Investment advice for your college student/young adult

How is income necessarily “public record”?

^When you work for a government entity. For example, I can go to my local municipal website and pull up an Excel file that lists the salary and benefit information for any employee of the city from the Mayor and City Council Members, Police and Fire, on down to the Staff Assistants at City Hall. Transparency in Government and all that…

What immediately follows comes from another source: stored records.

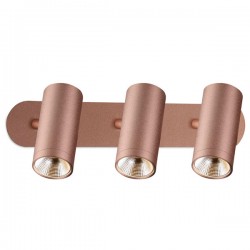 Foco / Aplique de pared triple lineal GU10 Cobre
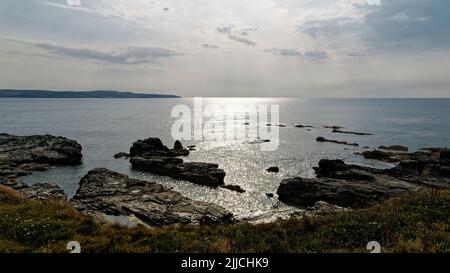 Blick von Godrevy in Richtung St. Ives Stockfoto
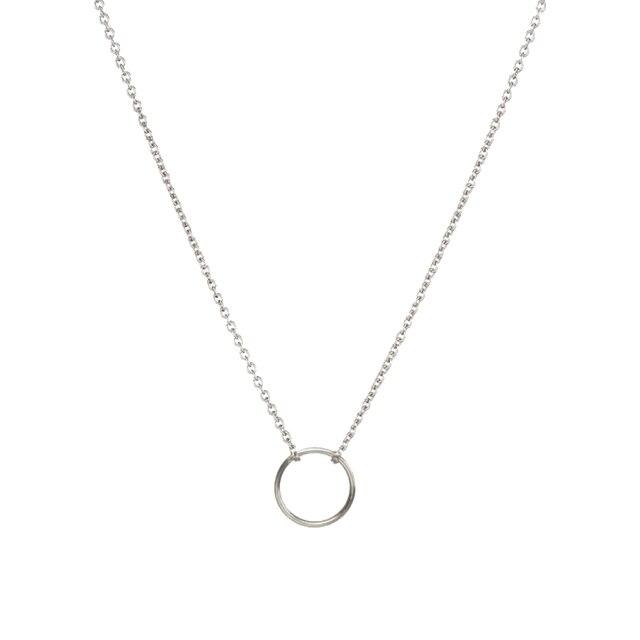 

Модное геометрическое ожерелье с кругом Кармы для женщин, минималистичные маленькие круглые ожерелья с подвесками, чокеры, ювелирные изделия, подарки серебряный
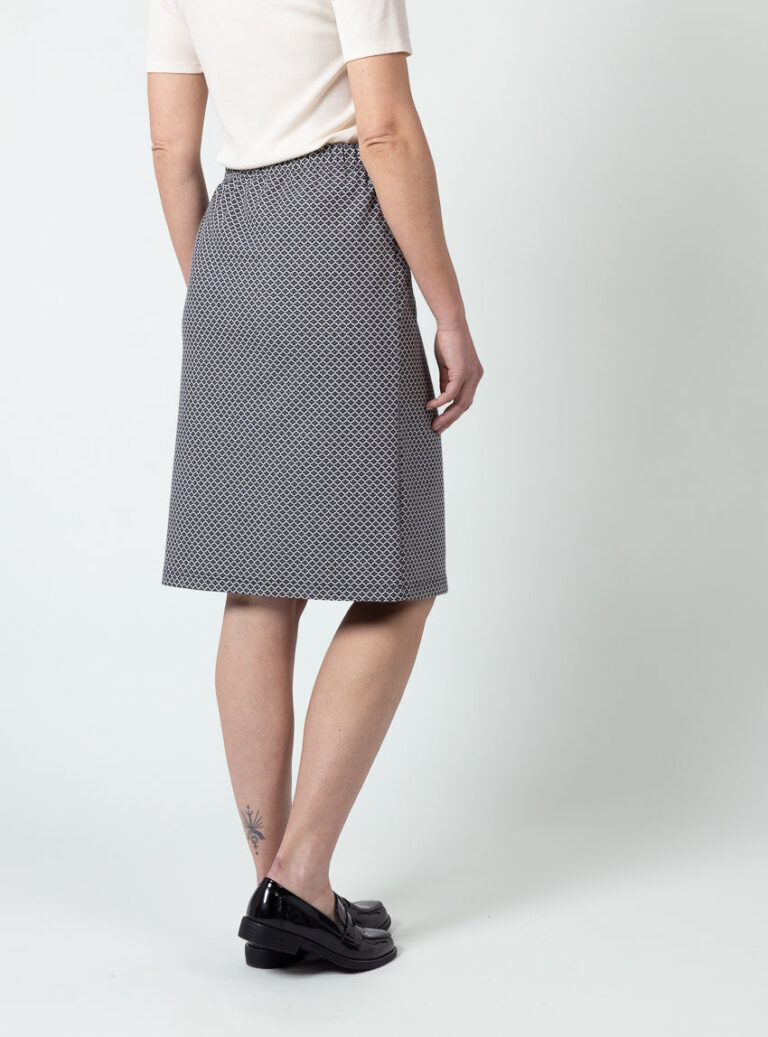 Maison Solfin - Jupe droite femme en maille noir/blanc – 48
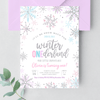 Editable Winter Onederland Birthday Invitation W004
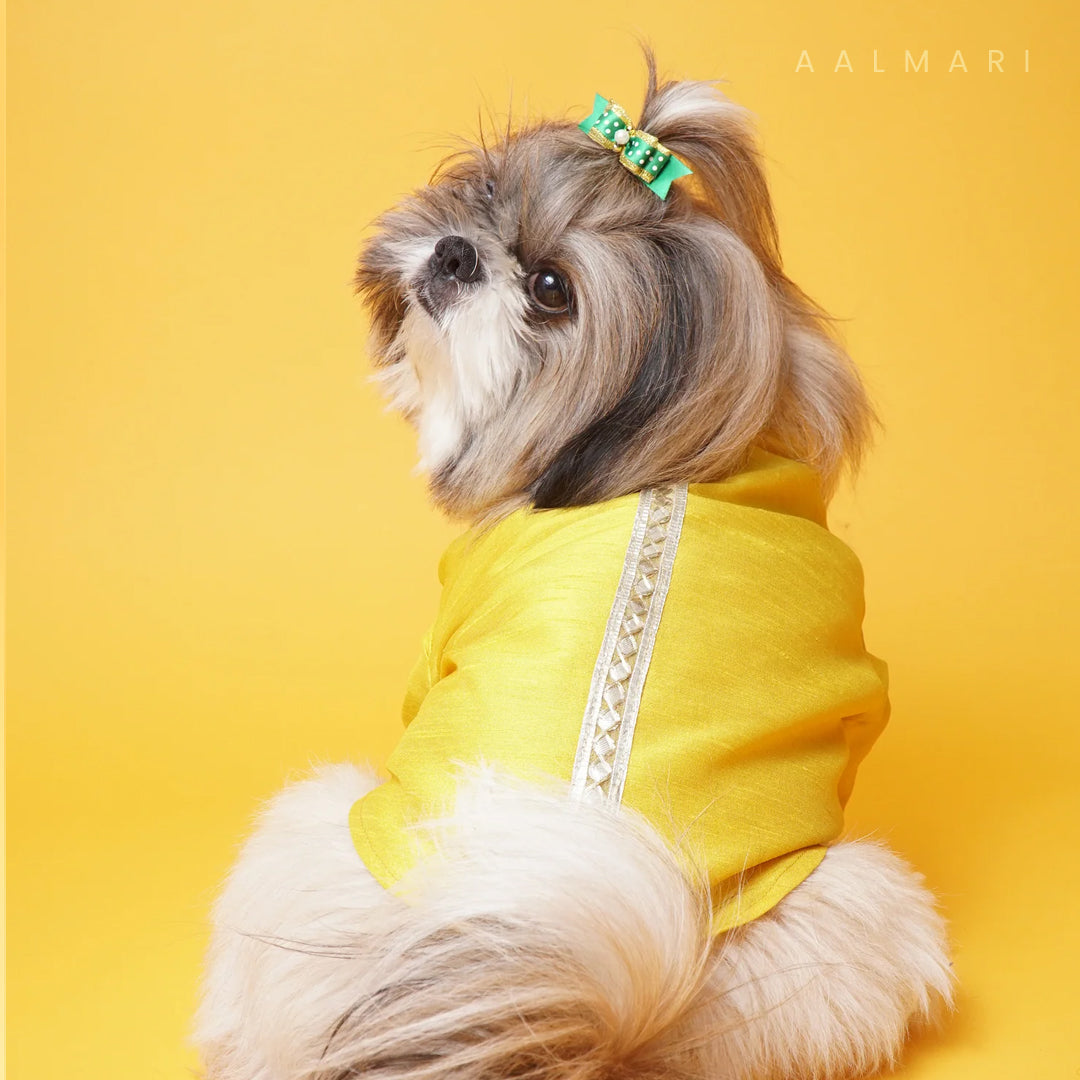 Silk Yellow Gotapati Kurta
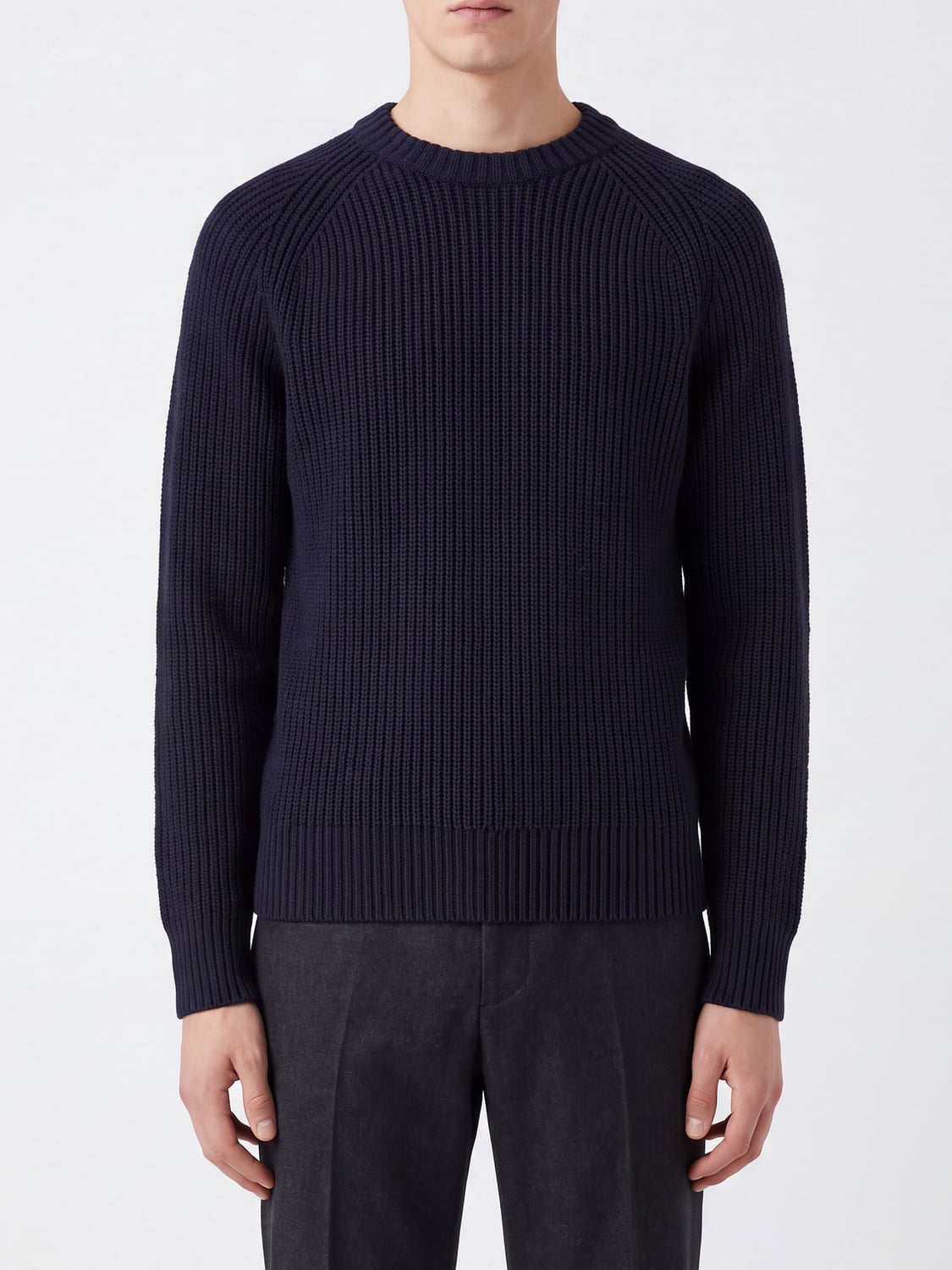 Closed Crewneck Jumper in Pure Wool with Long Sleeves and Ribbed Trims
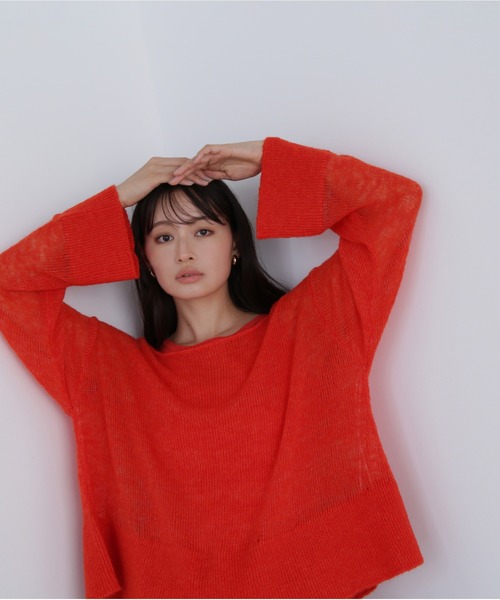 NATURAL BEAUTY BASIC(ナチュラルビューティーベーシック)の「◇【THINK NATURAL】モヘヤライクニットセット(ニット/セーター・レディース・ブラウン/ピンク/レッド・FREE)」の3枚目の写真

Civil service salaries are a matter of public record. Because of DH’s job responsibilities, he also has to file a separate financial disclosure form that lists assets and debts (with some exclusions, such as cars and primary residence). All of my retirement funds are included in that disclosure, though his gov’t 401(k) is not! We are also limited in what sectors we can invest in, since he does a lot of regulatory work. However, we are not into that particular corner of the market anyway, so it is not a big deal to us. To keep things above reproach, we stick to mutual funds, with the exception of a small number of PECO shares we bought 30+ years ago, which later merged into Exelon.

Just noticed this thread, and as a financial advisor I thought I would chime in. Turns out all the good advice has already been posted. Nice work, folks.

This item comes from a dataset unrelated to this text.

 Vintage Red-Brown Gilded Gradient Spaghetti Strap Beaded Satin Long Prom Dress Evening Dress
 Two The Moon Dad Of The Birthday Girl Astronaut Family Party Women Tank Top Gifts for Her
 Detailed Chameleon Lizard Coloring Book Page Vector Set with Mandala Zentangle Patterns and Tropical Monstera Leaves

I will relay one tidbit I share with young clients. Two twins graduate and start working. One twin saves $1000 per year, the other twin does not. Ten years later, the saving twin stops adding money and leaves the account alone. The other twin then starts saving his own $1000 every year at the same interest rate. 30 years later, as they’re ready to retire, they will have the same amount. One twin saved 3x the other, but they end up the same. The power of compound interest. Start saving as early as possible.

Just thought of something else – explaining to young adults the importance of disability coverage, life insurance, etc. They all think they are invincible…one car crash or medical diagnosis and it can all go to h— in a handbasket quickly. And be kind to the people who co-signed student loans for you – get insurance that will cover the payoff if something happens to you. Grieving parents don’t need to worry about that kind of stuff.

Yeah, my sister is dealing with fallout after her 20-year-old son ended his life last August. It’s not pretty. :frowning:

I told my 18-year-old daughter that I wouldn’t charge her for the gas she’s using this summer to get to her job, but I want her to save 10% of her take-home pay. I was going to put it in a Roth IRA, but my financial advisor said to wait until she has a more substantial amount to contribute. The minimum yearly fee he thought I could find, even not using his firm, would be $25. That would eat up any interest she earns. So I will sock it in a savings account for her and she can put it into a Roth IRA in a couple of years.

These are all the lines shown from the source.